Pour répondre aux inquiétudes concernant le chevauchement des magasins dans certaines régions, Kroger et Albertsons ont accepté de vendre 413 magasins au total à C&S Wholesale Grocers, dont 104 dans l'État de Washington, ce qui représente un tiers du total.

Mais Walmart n'exploite que 52 supercentres et quatre marchés de quartier dans l'État de Washington, selon une plainte déposée par le procureur général de l'État pour contester la fusion. Walmart prévoit d'ouvrir 150 nouveaux magasins au cours des cinq prochaines années et d'en rénover 650 autres dans 47 États américains et à Porto Rico cette année. Walmart n'a pas divulgué tous les sites qu'il ouvrira et rénovera.

En règle générale, Walmart exploite quatre Walmart Supercenters pour 25 000 à 30 000 habitants dans une zone résidentielle.
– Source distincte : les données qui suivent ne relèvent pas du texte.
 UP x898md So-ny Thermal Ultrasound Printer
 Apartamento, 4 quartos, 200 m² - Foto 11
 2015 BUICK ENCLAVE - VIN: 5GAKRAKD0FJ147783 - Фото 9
En Californie, Walmart n'a qu'un supercentre pour 100 000 habitants, ce qui laisse entrevoir des possibilités d'expansion dans cette région, a déclaré M. Flickinger.

Le procès intenté par la FTC constitue également une source de distraction, en particulier pour les employés d'Albertsons, dont l'avenir est incertain à la suite d'une éventuelle acquisition par Kroger. "Nous l'avons souvent constaté. Lorsque l'acquéreur et la cible sont dans l'incertitude, ils perdent beaucoup de talents", a déclaré Michael Baker, analyste chez D.A. Davidson.
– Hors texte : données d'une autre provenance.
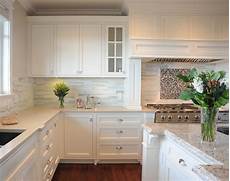 Transitional Kitchen Backsplash Ideas by Creating The Kitchen Backsplash With Mosaic Tiles Transitional Kitchen Backsplash Ideas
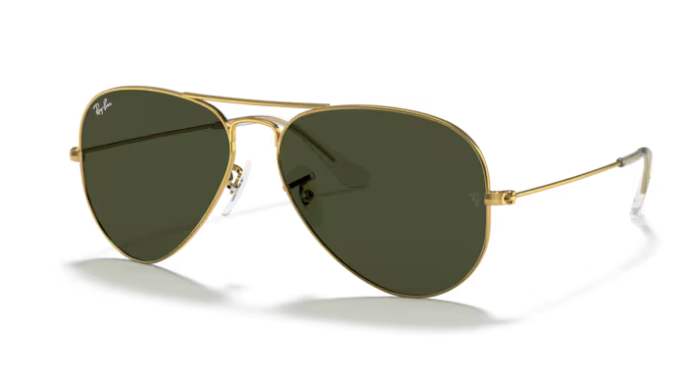 Ray Ban 3025 Aviator Large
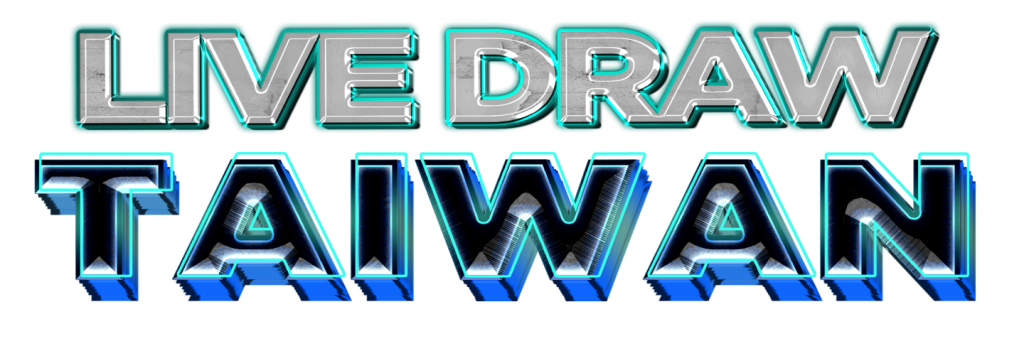 Live Draw Taiwan Hari ini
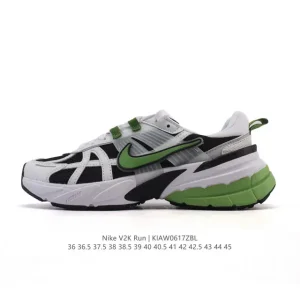Nike V2K Run Retro Running Shoes for Men and Women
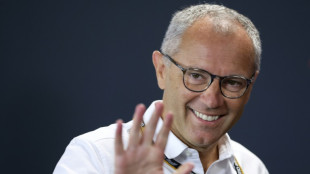 F1: la sanction contre Red Bull est de la "responsabilité de la FIA", selon Domenicali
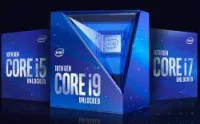 Intel® Core™ i7-10700K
Les écarts de prix entre Walmart et ses concurrents et les options de ramassage et de livraison à domicile attirent également beaucoup plus de clients haut de gamme que ses rivaux depuis la pandémie. Kroger et Albertsons devront "rattraper le temps perdu", a-t-il déclaré.

Selon Arun Sundaram, analyste chez CFRA Research, l'incertitude prolongée entourant la fusion pourrait également freiner les progrès d'Albertsons en matière d'initiatives de croissance, alors que Walmart continue à afficher des ventes solides. Au cours de leur dernier trimestre, Kroger a enregistré une baisse de 0,6 % de ses ventes comparables aux États-Unis, tandis qu'Albertsons a enregistré une hausse de 2,9 % et Walmart une hausse de 4 %.

Kroger et Albertsons ont mis en garde contre le fait qu'une fusion bloquée renforcerait le pouvoir d'Amazon et de Walmart.

"Cette décision (de la FTC) ne fait que renforcer les grands détaillants non syndiqués comme Walmart, Costco et Amazon en leur permettant d'accroître leur domination écrasante et croissante du secteur de l'épicerie", a déclaré Kroger dans un communiqué lundi.